Traverse the loop backwards.

[Gresil]

Here's a fun one for you all.

A teacher says: I'm thinking of two natural numbers bigger than 1. Try to guess what they are.
The first student knows their product and the other one knows their sum.
First: I do not know the sum.
Second: I knew that. The sum is less than 14.
First: I knew that. However, now I know the numbers.
Second: And so do I.
What were the numbers?

My guess is (edit) 5 and 8.

The product has multiple factorizations where neither number is 1, and exactly one of them matches the condition that the sum of the factors is less than 14.

The only way I can pin it down is an exhaustive search.

12: 3*4, 2*6, no
18: 3*6, 2*9, no
20: 4*5, 2*10, no
24: 4*6, 8*3, no
30: 5*6, 10*3, no
36: 4*9, 3*13, perhaps


edit: I looked at Averell's solution. Are you sure it's correct? There's something I'm not getting if it is.


edit 2: whoops, I missed 36 = 6*6.

40: 5*8, 4*10. So it's 5 and 8.

[averell]

edit: I looked at Averell's solution. Are you sure it's correct? There's something I'm not getting if it is.

I am somewhat sure, i checked my solution and it fits but i'm prone to mistakes calculating in my head.
Anyway, in your solution:
Second: I knew that. The sum is less than 14.
First: I knew that.
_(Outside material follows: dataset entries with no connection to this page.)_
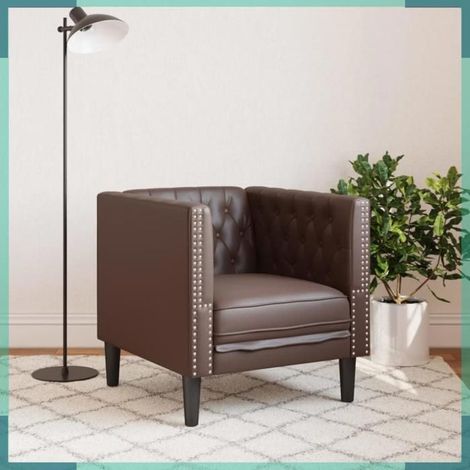 372654 Fauteuil Chesterfield marron similicuir (1/5)
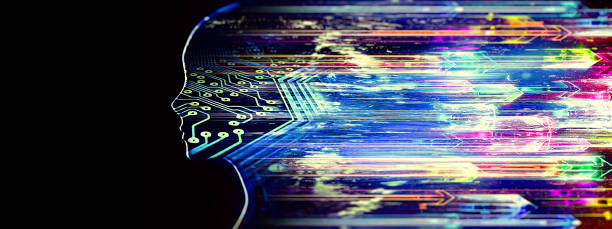 istock Close up of abstract profile with digital effect in artificial intelligence concept 1195715366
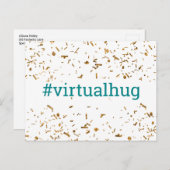 Blauwgroen Virtual Hug Hashtag Gold Faux Confetti Briefkaart (Voorkant / Achterkant)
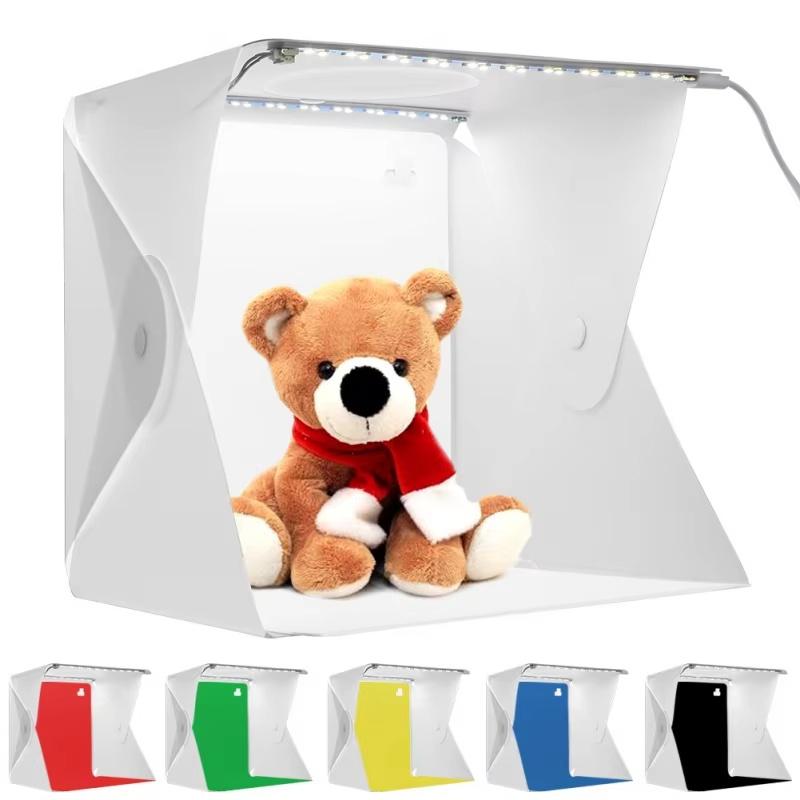 Photography LED Light Room Photo Studio Light 6 Color Backdrops Photobox For DSLR Camera Portable Folding Photobox Photography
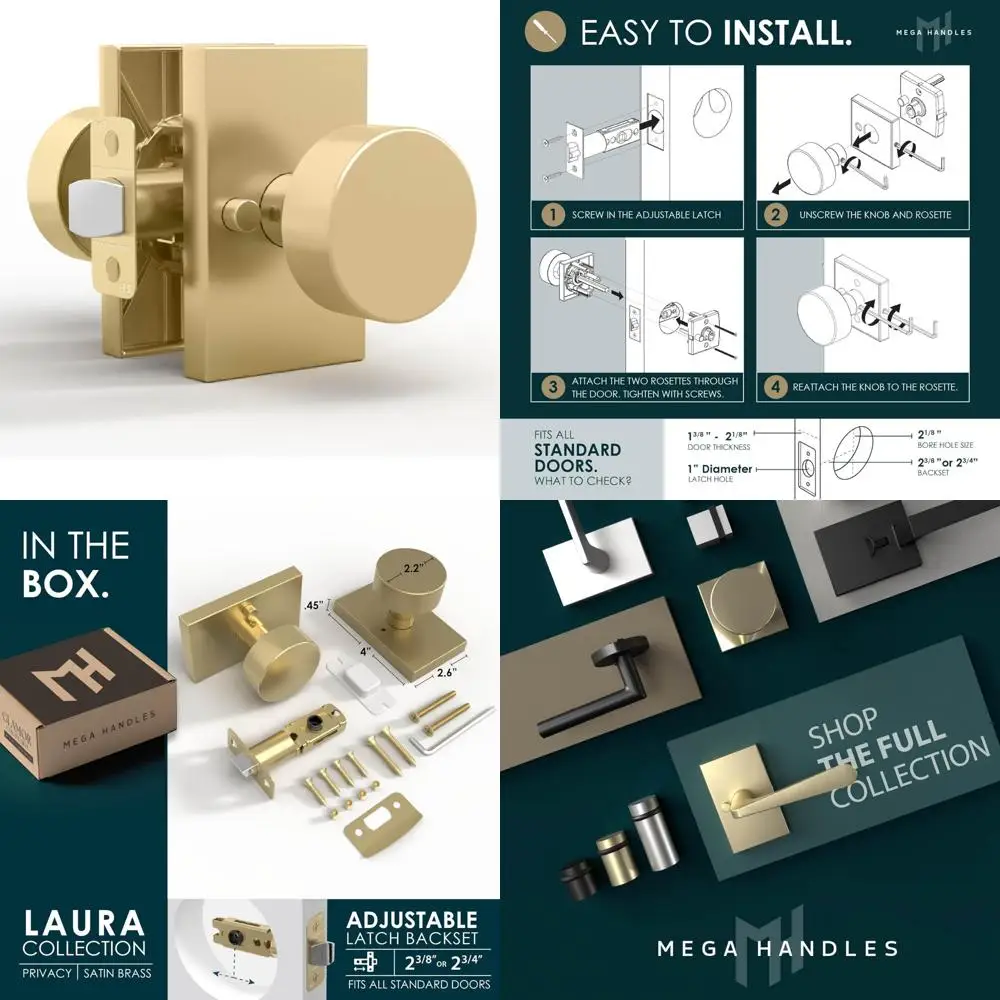 مجموعة مقابض باب داخلية ذهبية قابلة للعكس - مقابض أبواب خصوصية شديدة التحمل للسرير والحمام، عبوة واحدة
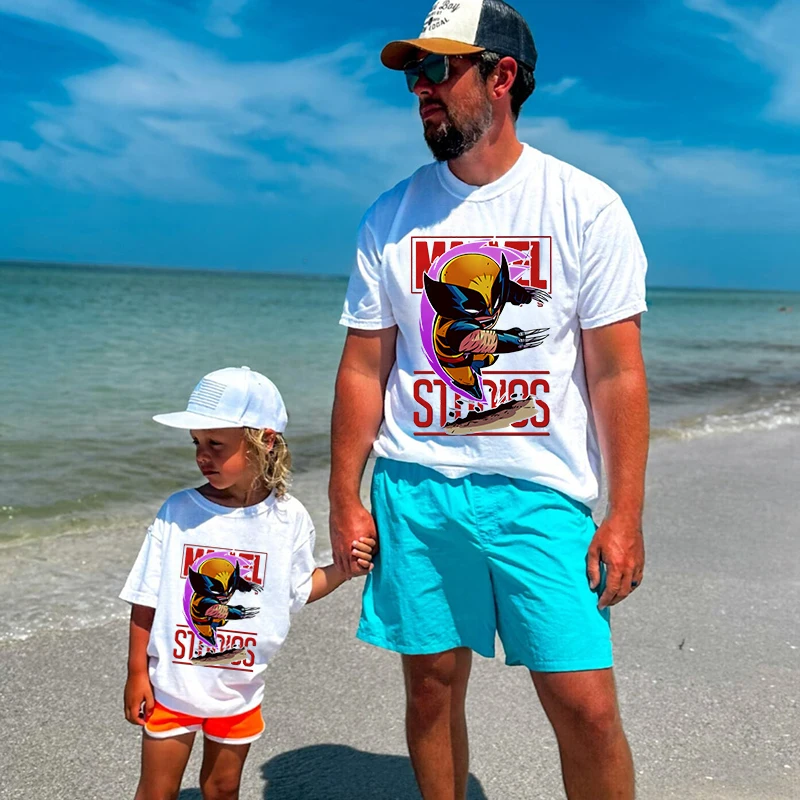 Marvel Hero Print T-shirt Dad and kids Cotton Short Sleeve Family Matching Outfits Casual White Top 2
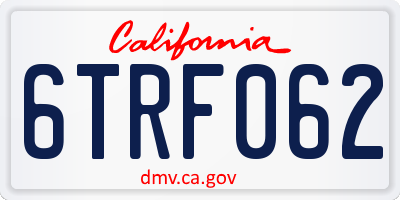 CA license plate 6TRF062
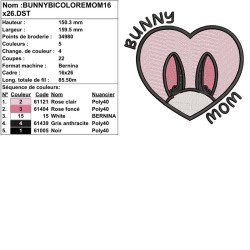 Motif broderie machine Bunny Mom lapin bicolore idéal pour amoureux des lapins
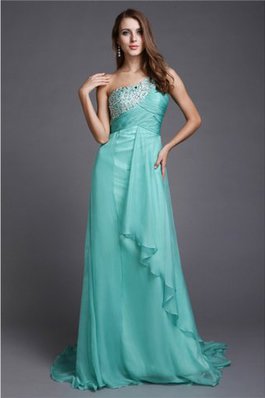 Robe de bal en chiffon de princesse d'épaule asymétrique ligne a fermeutre eclair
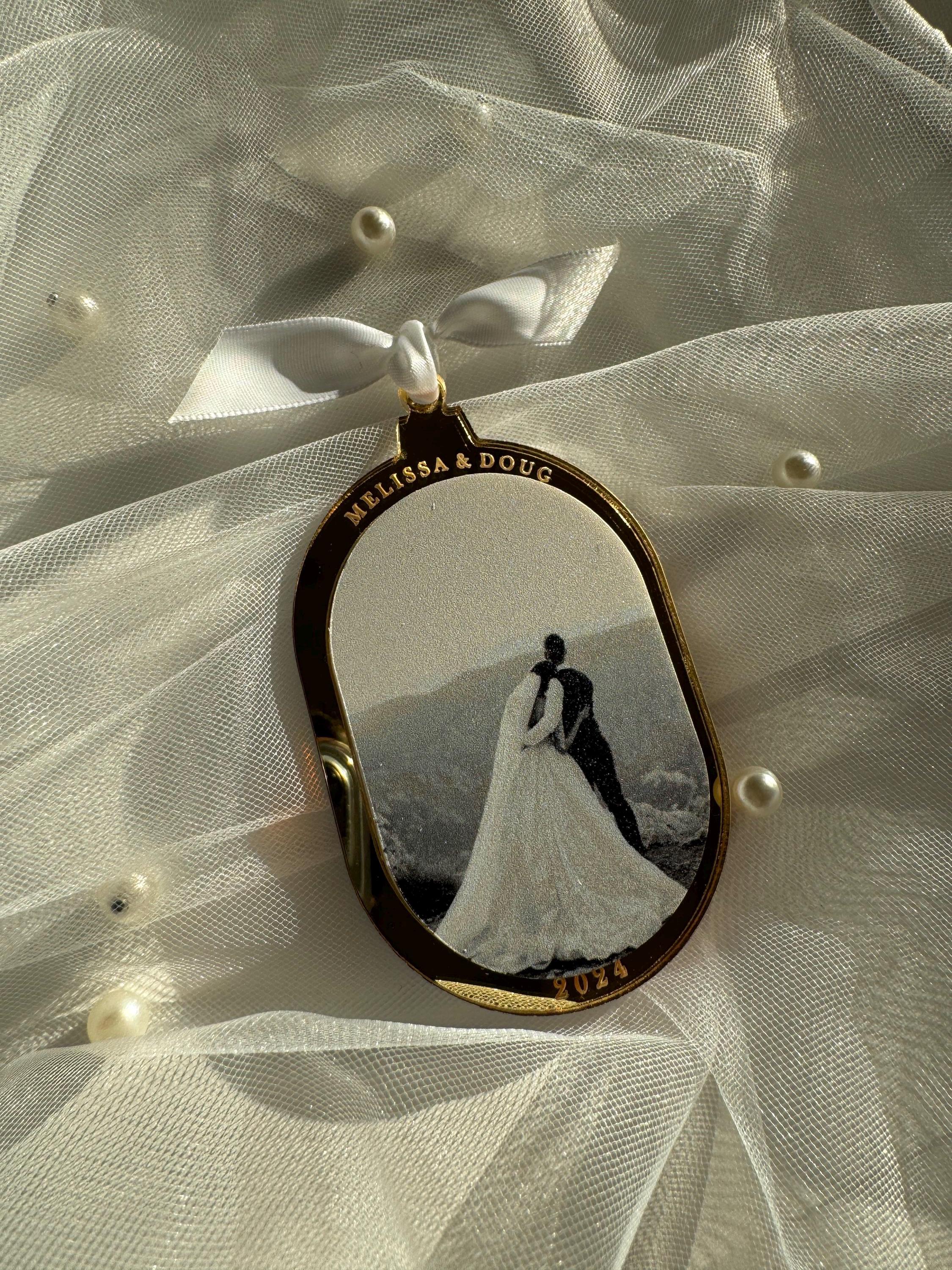 Photo Ornament | First Christmas Married   Ornament | Personalized, Christmas, Gift, Married, Couple, Engagement, Christmas tree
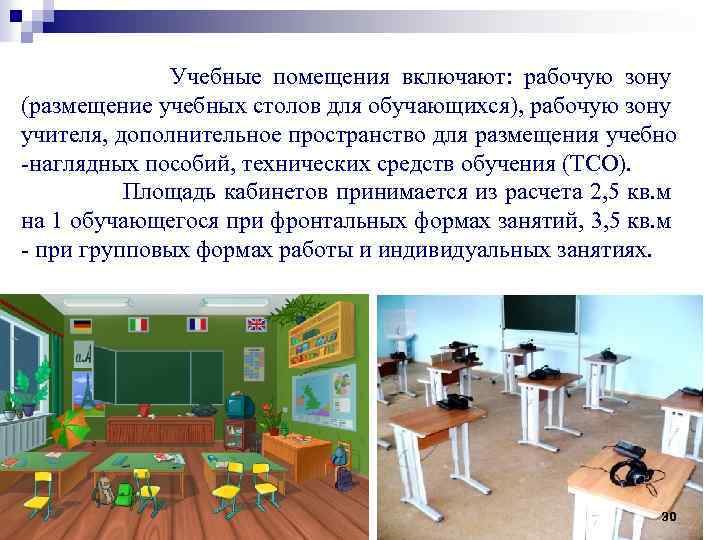 Учебные помещения включают: рабочую зону (размещение учебных столов для обучающихся), рабочую зону учителя, дополнительное
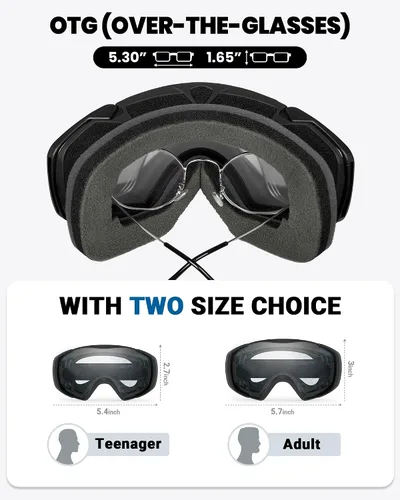 Miniatura 2 de OutdoorMaster Gafas de esquí con cubierta, gafas de nieve para snowboard OTG antivaho Juventud Vlt 99.1%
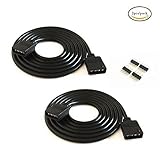 2 pcs/pack black 5M 16.4ft 4 Color RGB Extension Cable LED Strip Connector Extension Cable Cord Wire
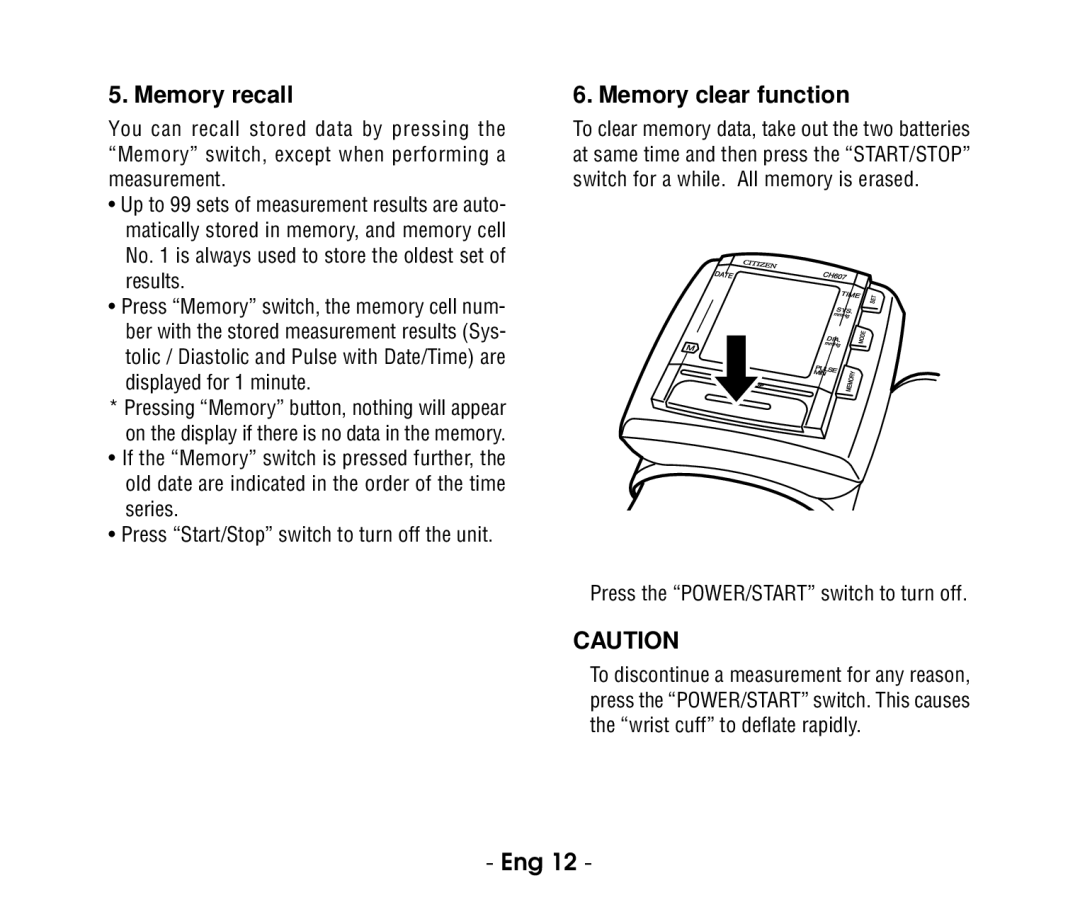 Citizen ch607 instruction manual Memory recall, Memory clear function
However, now I know the numbers.

Now, you have 5 and 8, 40 the product, so product guy only knows it's either 2 * 20, 4 * 10, or 8 * 5, but because only 8*5 is less than 14, he is lying when he says he knew that. With 2 * 9 = 3 * 6 both sums are less than 14.

[robinz]

averell is quite right - 2 and 9 is the solution. (Which I had worked out for myself while away from the forum - I wasn't surprised to see it had been solved by someone else in the meantime )

Basically, 11 is the only number less than 14 for which all pairs which sum to it have a product which has (at least) two different non-trivial factorisations. And, of the pairs which sum to 11, 2 and 9 is the only one for which all possible pairs of factors for the product sum to less than 14.

[Stefany93]

I guess it will be take me a couple of years to solve it. I didn't know I am so smart

[entropi]

I would like to see the solution, please. If you don't want to post it here, pm me.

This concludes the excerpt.